OceanCBM routes marine heatwave forecasts through physics concepts for interpretability
New concept bottleneck model predicts mixed layer heat content while exposing the physical drivers behind extreme ocean events, achieving interpretability without sacrificing forecast skill.
OceanCBM is a concept bottleneck model that predicts mixed layer heat content—a key precursor of marine heatwaves—while routing predictions through an intermediate layer of prescribed geophysical fluid dynamics concepts plus a 'free' concept that captures residual processes. The architecture uses mixed supervision to impose soft physical structure without over-constraining the model, explicitly trading off interpretability and performance rather than treating them as incompatible goals.

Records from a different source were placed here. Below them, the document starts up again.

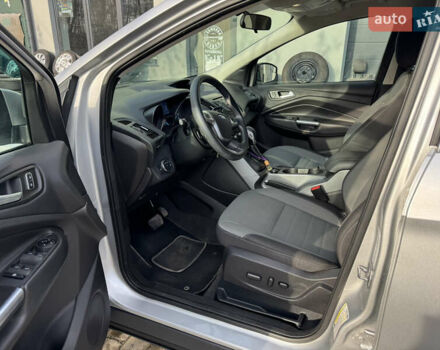 Серый Форд Эскейп, объемом двигателя 1.6 л и пробегом 124 тыс. км за 8900 $, фото 14 на Automoto.ua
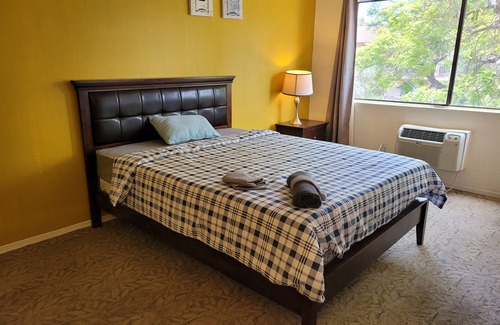 Beverly Hills Hotel | (C01) Large Unit with Private Bath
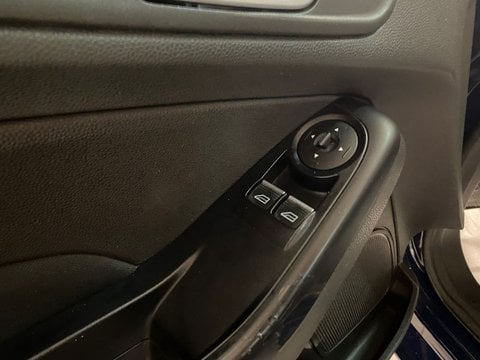 Auto Ford Fiesta Plus 1.5 Tdci 75Cv 5 Porte Usate A Bari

The model addresses a persistent tension in machine learning for physical sciences: recent approaches achieve strong predictive skill on ocean dynamics but remain largely opaque, providing limited guarantees of fidelity to ground-truth physics. Accurate forecasts alone don't reveal which physical drivers are active during extreme events, a gap that matters for operational oceanography and climate adaptation. OceanCBM's concept bottleneck forces the model to explain its predictions through interpretable intermediate variables derived from geophysical fluid dynamics, making the reasoning process explicit rather than hidden in high-dimensional latent space. The free concept serves dual purposes: it regularizes the prescribed physics concepts and captures residual physical processes that the prescribed concepts don't cover. Across ensemble initializations, mixed supervision yields consistent mechanistic representations, whereas prediction-only and prescription-only baselines achieve similar forecast accuracy but learn highly variable latent structures—different random seeds produce different internal explanations for the same predictive performance. That inconsistency undermines trust in mechanistic interpretations. OceanCBM's mixed supervision stabilizes the learned concepts, making the model's reasoning reproducible across runs. The preprint appeared on arXiv on May 14, 2026.